## Exercise aim
Beginning at the line with "Travelers push their", please repeat each line exactly through the end of the records below, including that first line and the last, but no pictures.

## Study material

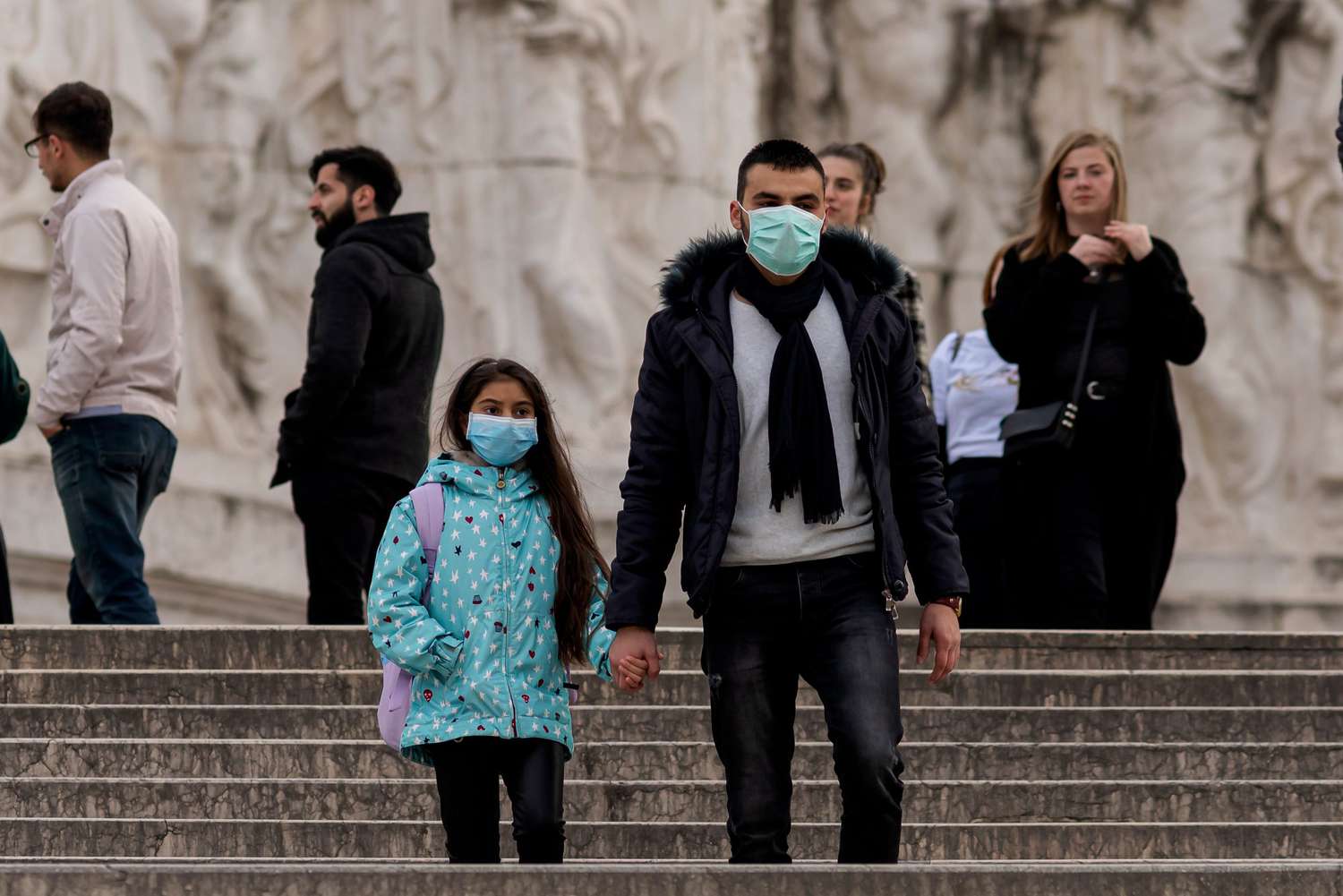 People wear face protective masks in the Altar of the fatherland (Altare della Patria) on March 5, 2020 in Rome, Italy. Today family Minister Elena Bonetti said that the government is studying ways to help families after it decided to close Italy's schools and universities until the middle of March because of the coronavirus emergency (Covid-19).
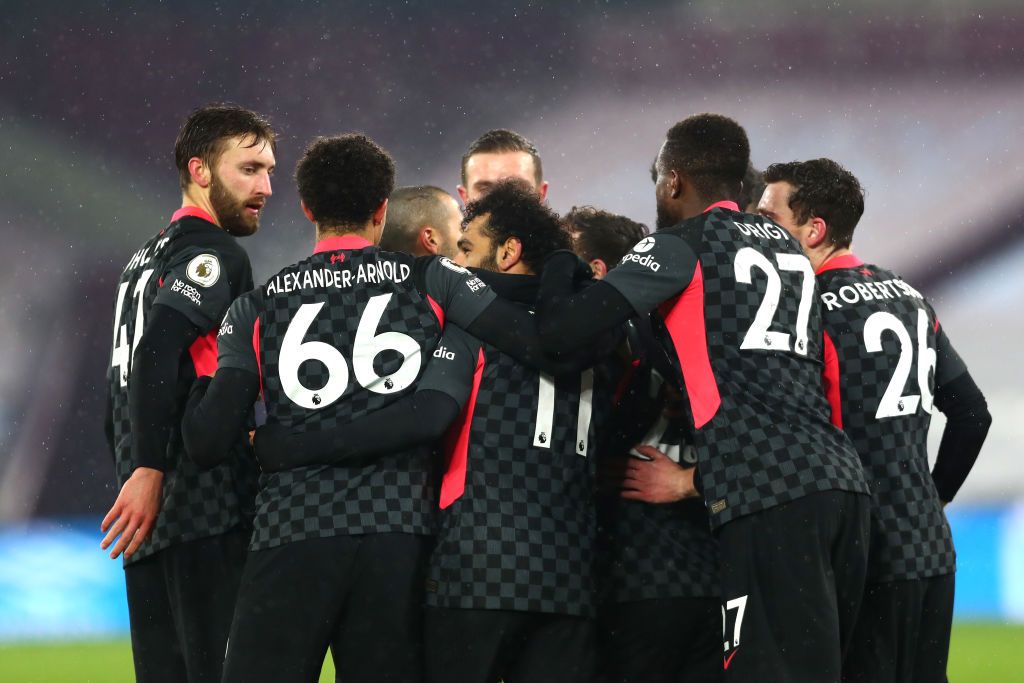 LONDON, ENGLAND - JANUARY 31: Mohamed Salah of Liverpool celebrates with Nathaniel Phillips (L) and team mates after scoring their side's first goal during the Premier League match between West Ham United and Liverpool at London Stadium on January 31, 2021 in London, England. Sporting stadiums around the UK remain under strict restrictions due to the Coronavirus Pandemic as Government social distancing laws prohibit fans inside venues resulting in games being played behind closed doors. (Photo by Clive Rose/Getty Images)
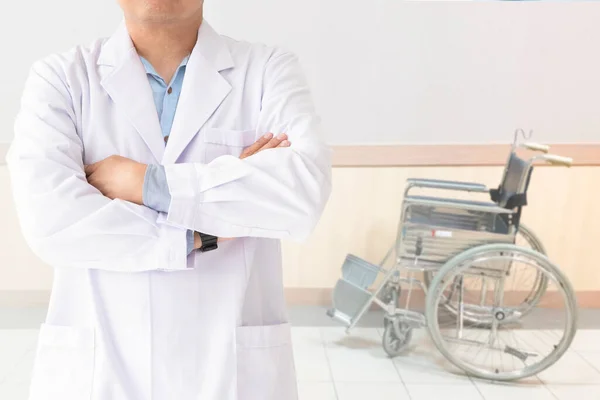 Medicine doctor and Patients come to the hospital and blurred background of wheelchair , Healthcare and medical concept.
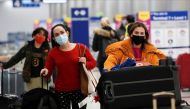 Travelers push their luggage past baggage claim inside the United Airlines terminal at Los Angeles International Airport (LAX) during the holiday season as the coronavirus disease (COVID-19) Omicron variant threatens to increase case numbers in Los Angeles, California, U.S. December 22, 2021. REUTERS/Bing Guan
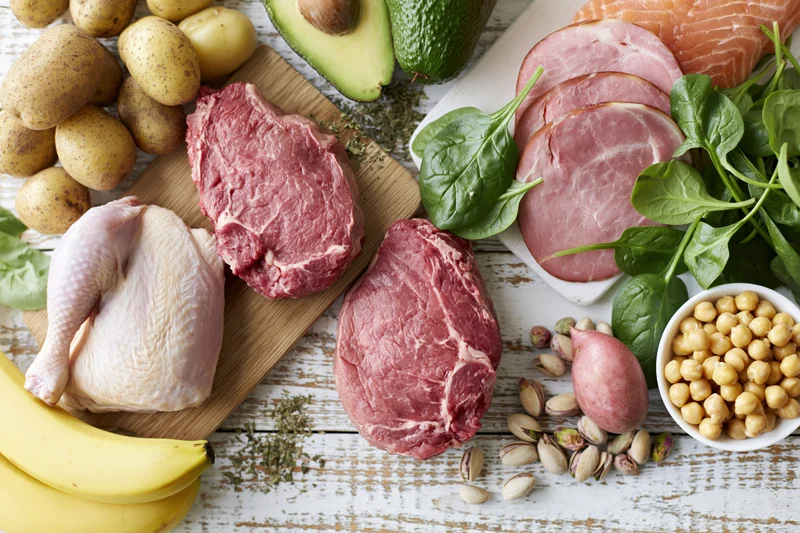 Raw protein-rich foods and fresh produce arranged on a wooden surface in a flat lay composition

## Result of this exercise
 Travelers push their luggage past baggage claim inside the United Airlines terminal at Los Angeles International Airport (LAX) during the holiday season as the coronavirus disease (COVID-19) Omicron variant threatens to increase case numbers in Los Angeles, California, U.S. December 22, 2021. REUTERS/Bing Guan
 Raw protein-rich foods and fresh produce arranged on a wooden surface in a flat lay composition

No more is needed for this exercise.